Nova técnica do Instituto de Pesca aumenta sustentabilidade do mexilhão

Praia da Cocanha em Caraguatatuba lidera produção do marisco no Estado; cultivo amplia renda e fixação da comunidade caiçara

Técnica desenvolvida pelo Instituto de Pesca aumentou a produtividade e a sustentabilidade do cultivo de mexilhão em Caraguatatuba, no litoral norte paulista. Iniciada como pesquisa em maio de 2007, a técnica usa coletores artificiais para retirar do mar as sementes do molusco em suspensão na água.

Sem custos para o produtor, a nova metodologia substituiu na Praia da Cocanha a prática predatória de retirar o marisco de locais como costões e pedras. As vantagens incluem favorecer a recuperação dos estoques do animal na natureza, ampliar a sustentabilidade da atividade econômica e reduzir custos da criação.

O estudo para criar e aperfeiçoar o sistema de coletores foi pedido pela Associação dos Pescadores e Maricultores da Praia da Cocanha (Mapec). Foi realizado com o mexilhão de nome científico Perna perna, comum em Caraguatatuba e encontrado em toda a costa sudeste brasileira.

No Instituto de Pesca, vinculado à Secretaria de Agricultura e Abastecimento, a experiência prática transformou-se no tema da dissertação de mestrado da aluna Isabella Bordon. A defesa da tese foi realizada no final de junho sob orientação do pesquisador Hélcio Marques.

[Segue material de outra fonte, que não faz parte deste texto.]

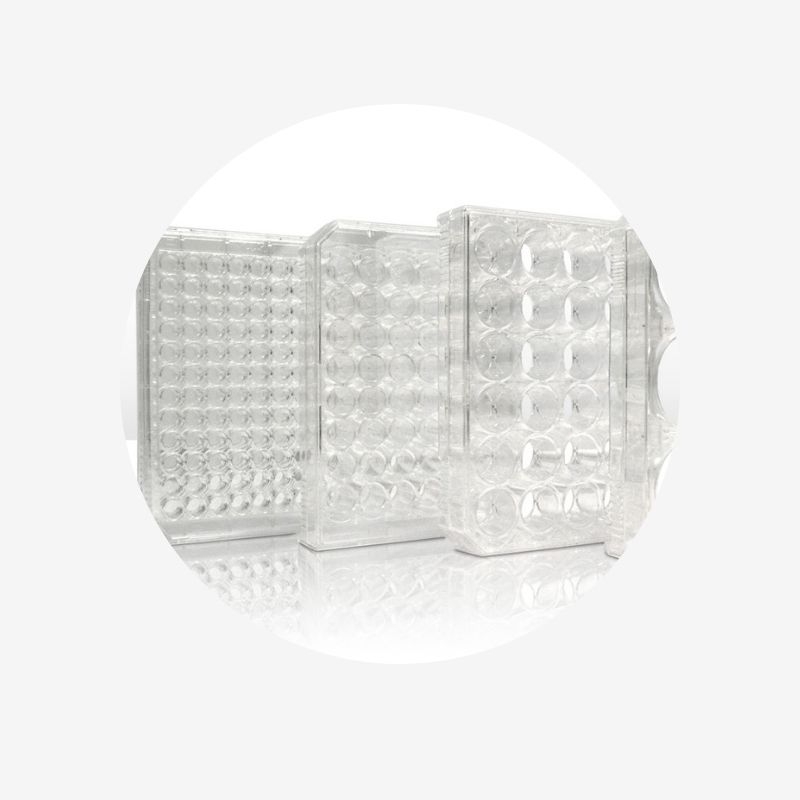 Ultra-Low Binding Culture Plates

Os pesquisadores Hélcio e Isabella explicam que o coletor desenvolvido retém grande quantidade de larvas de mexilhão espalhadas no ambiente marinho. De tamanho microscópico e invisível a olho nu, elas se enroscam num emaranhado de fios da corda do equipamento. O passo seguinte do estudo inclui descobrir a época com maior abundância das sementes no ambiente marinho, propícia para lançar os coletores na água e, ainda, fixar a altura ideal para posicioná-los. Determinou-se que o melhor posicionamento é na superfície da água, o que se consegue com o auxílio de pequenas boias de isopor.

Na natureza, o ciclo de vida do animal bivalve (de duas conchas) começa no oceano, após a junção dos gametas masculino e feminino. Durante dois meses, a semente vagueia até encontrar um local para se fixar – rocha, rede coletora ou qualquer outro ambiente marinho. Para se alimentar, o mexilhão filtra a água do mar e dela retira plâncton e outros nutrientes.

Viveiro artificial

Na fazenda aquícola, o coletor é usado como viveiro. Quando a concha atinge dois centímetros de comprimento, o mexilhão passa a ser chamado de semente, sendo transferido para as redes de engorda envoltas numa malha fina.

A medida beneficia o ganho de peso e tamanho, amplia o espaço para cada molusco da colônia e reduz a competição por alimento com os outros indivíduos. Com o aumento do tamanho das conchas, o tecido biodegradável se rompe naturalmente. Em média, o animal atinge tamanho entre 7 e 9 centímetros após oito meses, quando está pronto para a colheita e consumo.

O equipamento é instalado a 500 metros da praia, na fazenda aquícola da Mapec, área demarcada exclusiva para a mitilicultura (criação do mexilhão). É fixado no chamado longline – corda com dezenas de coletores paralelos, identificados por boia. Cada um deles possui dois metros de extensão e é formado por cordas entrelaçadas.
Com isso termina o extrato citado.